## Work to complete
Only the lines below from the one that contains "Image of the" through the one that contains "1628590275523510.jpg 1628590264(1).jpg" should appear in your answer, exact and without pictures.

(Extracted records)

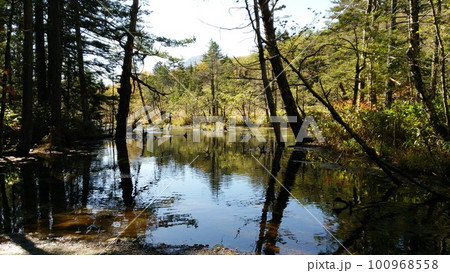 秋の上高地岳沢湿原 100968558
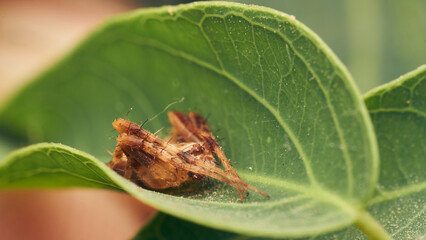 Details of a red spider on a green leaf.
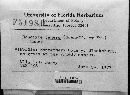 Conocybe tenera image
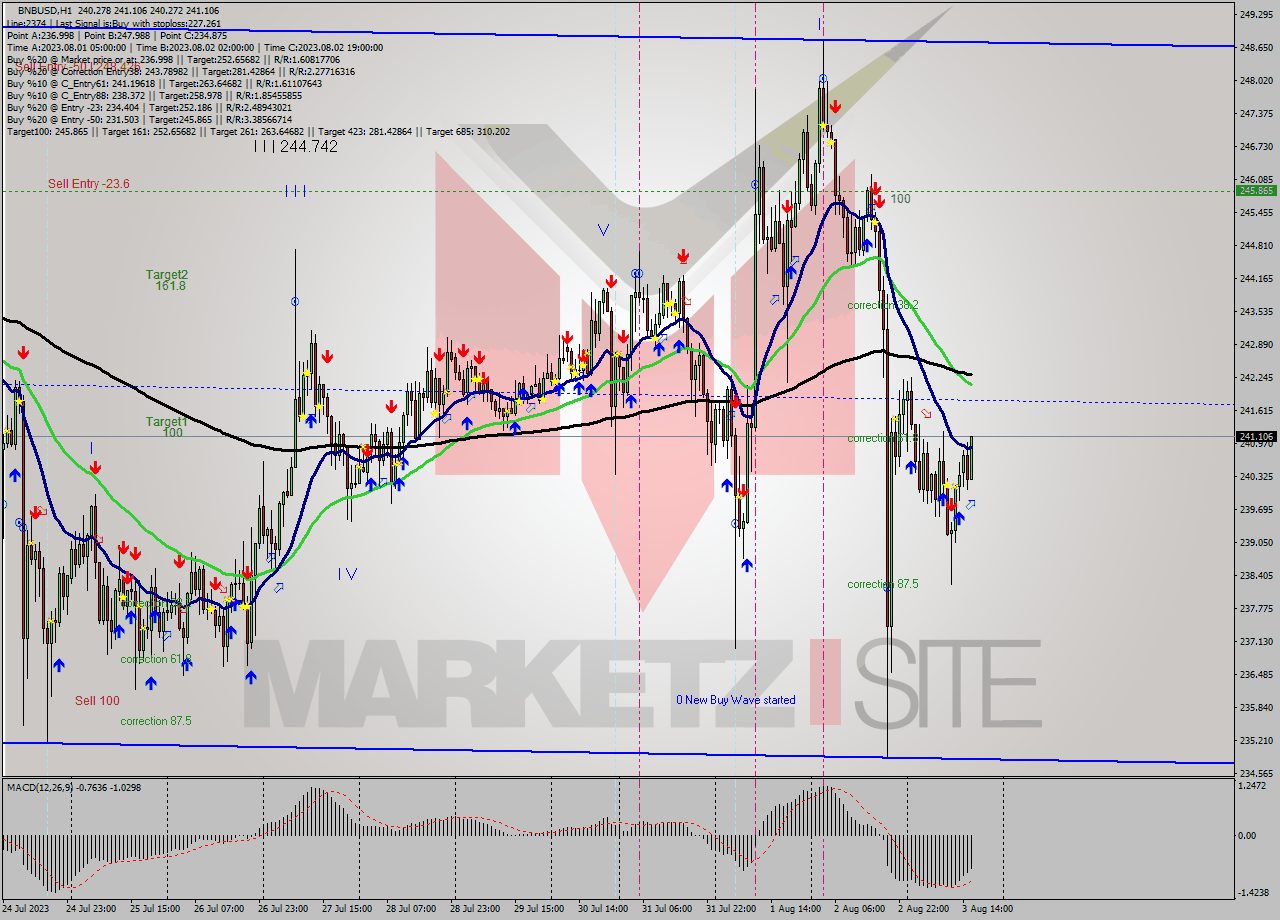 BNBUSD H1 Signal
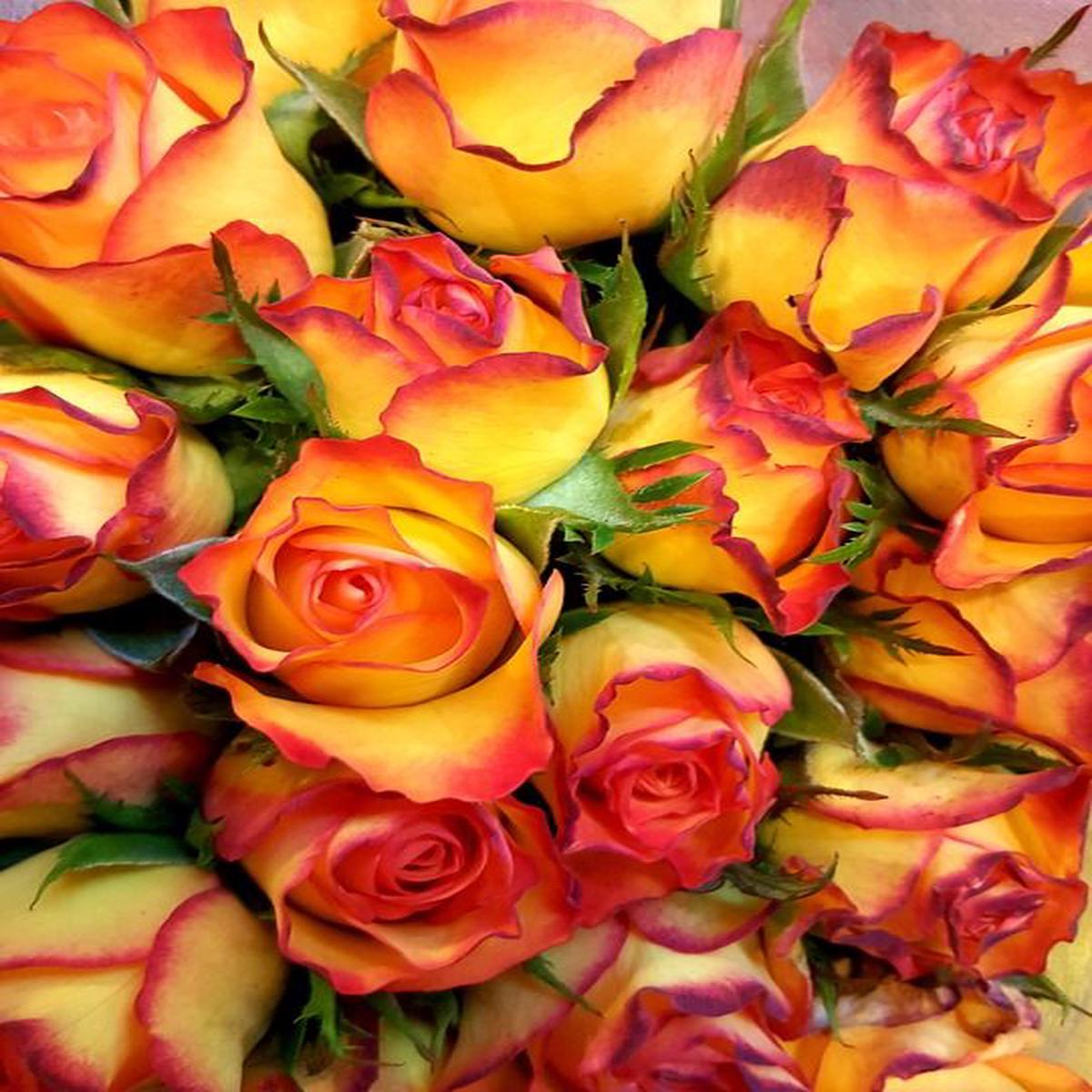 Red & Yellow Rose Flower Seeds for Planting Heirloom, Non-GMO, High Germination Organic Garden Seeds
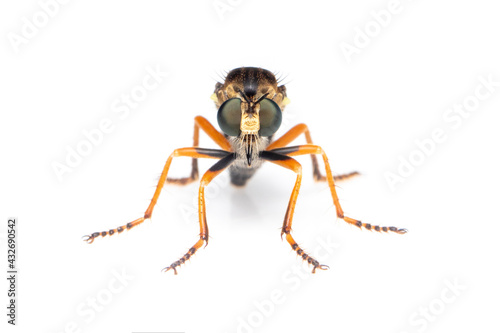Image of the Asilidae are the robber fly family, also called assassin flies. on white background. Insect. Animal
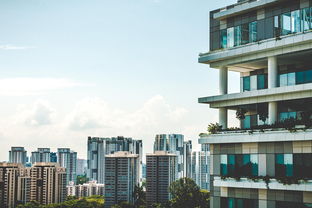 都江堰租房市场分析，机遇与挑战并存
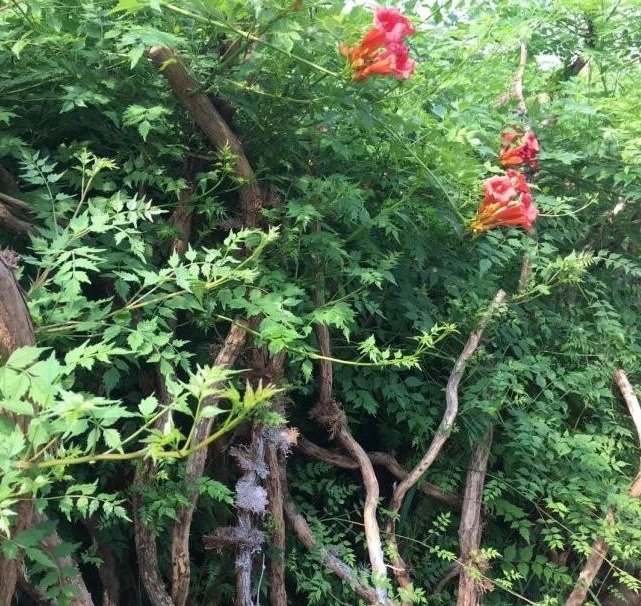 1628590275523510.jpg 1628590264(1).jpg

(End Extracted records)
(Extracted records)

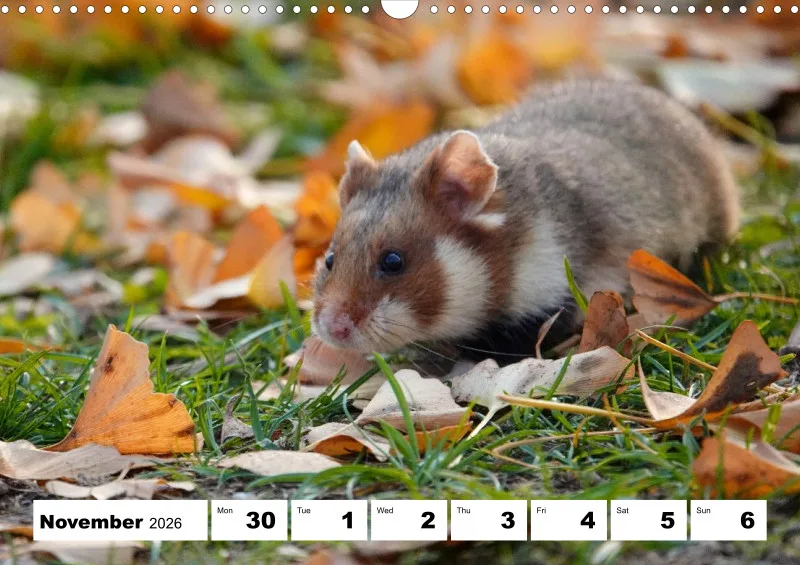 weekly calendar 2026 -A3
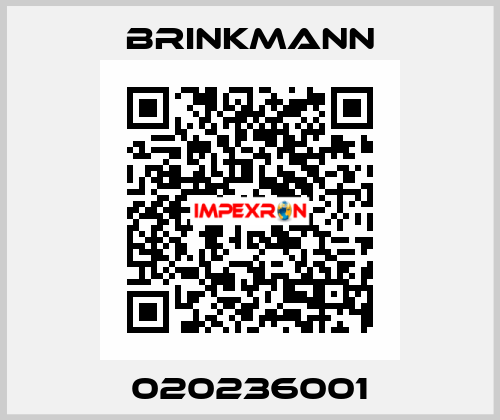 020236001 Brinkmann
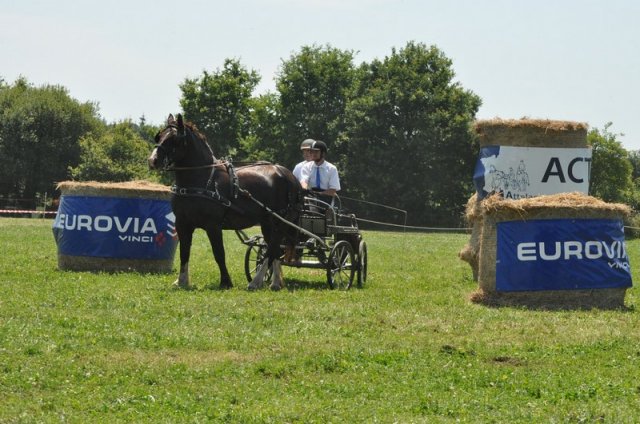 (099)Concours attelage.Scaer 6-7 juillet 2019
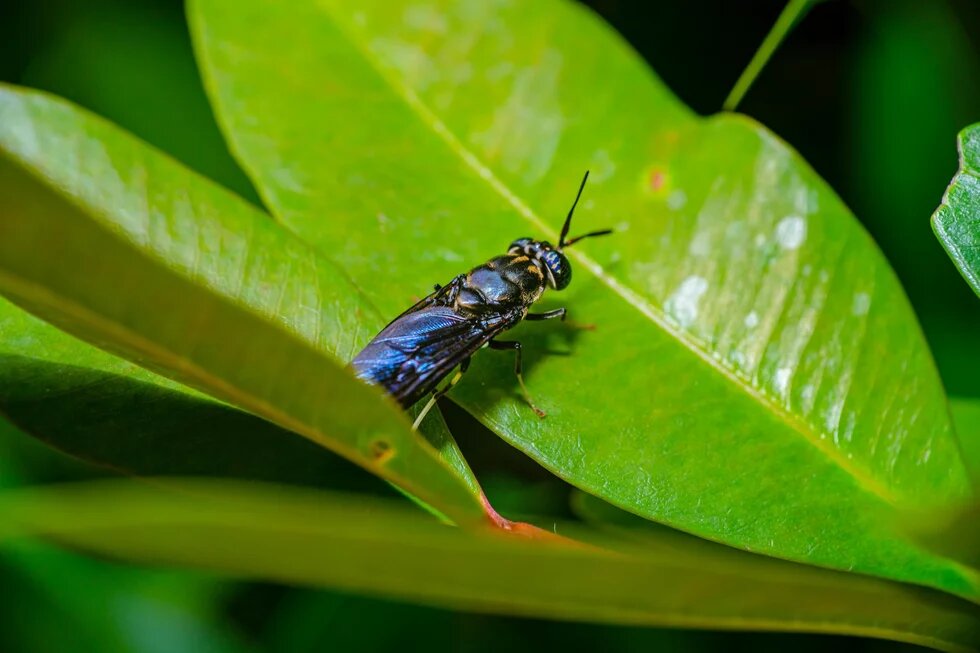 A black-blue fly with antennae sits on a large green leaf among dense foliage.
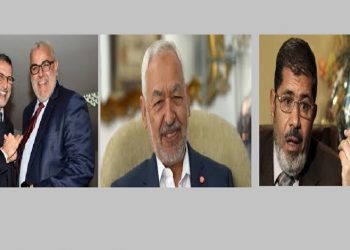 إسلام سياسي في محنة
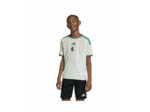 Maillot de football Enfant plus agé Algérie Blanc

(End Extracted records)

## Solution to this problem
Image of the Asilidae are the robber fly family, also called assassin flies. on white background. Insect. Animal
 都江堰租房市场分析，机遇与挑战并存
 1628590275523510.jpg 1628590264(1).jpg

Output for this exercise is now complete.